[Excerpts from a dataset]
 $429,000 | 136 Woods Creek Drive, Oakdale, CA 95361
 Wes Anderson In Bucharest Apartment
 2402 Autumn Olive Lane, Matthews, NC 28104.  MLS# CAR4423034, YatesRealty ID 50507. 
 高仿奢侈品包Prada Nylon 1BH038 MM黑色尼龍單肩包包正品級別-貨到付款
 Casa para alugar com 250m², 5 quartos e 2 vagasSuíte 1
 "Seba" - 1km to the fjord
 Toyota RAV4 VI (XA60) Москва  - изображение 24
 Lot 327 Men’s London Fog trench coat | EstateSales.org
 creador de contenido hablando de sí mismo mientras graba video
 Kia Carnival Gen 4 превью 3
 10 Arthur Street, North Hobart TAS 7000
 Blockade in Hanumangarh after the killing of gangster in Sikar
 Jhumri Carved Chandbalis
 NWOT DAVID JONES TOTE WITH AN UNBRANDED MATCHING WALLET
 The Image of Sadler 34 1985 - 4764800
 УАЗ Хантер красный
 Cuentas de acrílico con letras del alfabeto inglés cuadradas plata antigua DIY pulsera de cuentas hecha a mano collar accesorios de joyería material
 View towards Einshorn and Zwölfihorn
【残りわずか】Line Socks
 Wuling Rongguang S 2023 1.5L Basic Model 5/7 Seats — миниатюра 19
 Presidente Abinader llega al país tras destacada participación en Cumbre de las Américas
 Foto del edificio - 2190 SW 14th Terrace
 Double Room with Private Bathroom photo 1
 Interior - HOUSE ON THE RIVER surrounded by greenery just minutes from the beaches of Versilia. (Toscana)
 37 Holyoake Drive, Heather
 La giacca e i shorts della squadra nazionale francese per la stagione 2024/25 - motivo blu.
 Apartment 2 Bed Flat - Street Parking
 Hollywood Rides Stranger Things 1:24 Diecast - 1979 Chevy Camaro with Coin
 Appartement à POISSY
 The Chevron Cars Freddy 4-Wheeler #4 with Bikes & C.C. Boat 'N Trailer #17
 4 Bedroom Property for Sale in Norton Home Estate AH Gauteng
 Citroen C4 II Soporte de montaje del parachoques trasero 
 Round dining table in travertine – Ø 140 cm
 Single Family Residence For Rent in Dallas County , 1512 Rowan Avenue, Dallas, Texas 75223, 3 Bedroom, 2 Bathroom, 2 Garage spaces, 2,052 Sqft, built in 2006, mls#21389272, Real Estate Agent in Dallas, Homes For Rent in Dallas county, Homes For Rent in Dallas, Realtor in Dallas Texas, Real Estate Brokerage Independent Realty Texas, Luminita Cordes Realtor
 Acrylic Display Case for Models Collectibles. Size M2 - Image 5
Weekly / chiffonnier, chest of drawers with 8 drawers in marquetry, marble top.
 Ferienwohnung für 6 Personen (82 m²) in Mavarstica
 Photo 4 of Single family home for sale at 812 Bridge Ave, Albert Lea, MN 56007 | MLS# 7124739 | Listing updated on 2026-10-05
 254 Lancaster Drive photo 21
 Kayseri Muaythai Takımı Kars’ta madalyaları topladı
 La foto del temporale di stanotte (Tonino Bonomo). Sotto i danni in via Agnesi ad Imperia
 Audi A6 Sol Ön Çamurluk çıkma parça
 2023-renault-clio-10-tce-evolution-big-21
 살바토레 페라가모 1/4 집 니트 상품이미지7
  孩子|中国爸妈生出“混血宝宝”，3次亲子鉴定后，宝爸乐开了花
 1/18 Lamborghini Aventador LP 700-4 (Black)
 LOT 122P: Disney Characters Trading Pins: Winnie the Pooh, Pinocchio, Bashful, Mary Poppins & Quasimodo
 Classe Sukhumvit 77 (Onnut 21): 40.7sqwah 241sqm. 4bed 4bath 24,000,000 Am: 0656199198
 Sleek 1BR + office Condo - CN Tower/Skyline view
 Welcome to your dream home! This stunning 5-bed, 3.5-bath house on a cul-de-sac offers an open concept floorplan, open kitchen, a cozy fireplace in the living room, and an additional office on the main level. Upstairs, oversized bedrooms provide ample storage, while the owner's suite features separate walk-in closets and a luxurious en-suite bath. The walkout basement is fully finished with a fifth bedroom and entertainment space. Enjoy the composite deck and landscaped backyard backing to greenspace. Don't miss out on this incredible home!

About this exercise → In the entries above, which lines hold the string "Image"? Report all of them.

Expected output →
 The Image of Sadler 34 1985 - 4764800
 Acrylic Display Case for Models Collectibles. Size M2 - Image 5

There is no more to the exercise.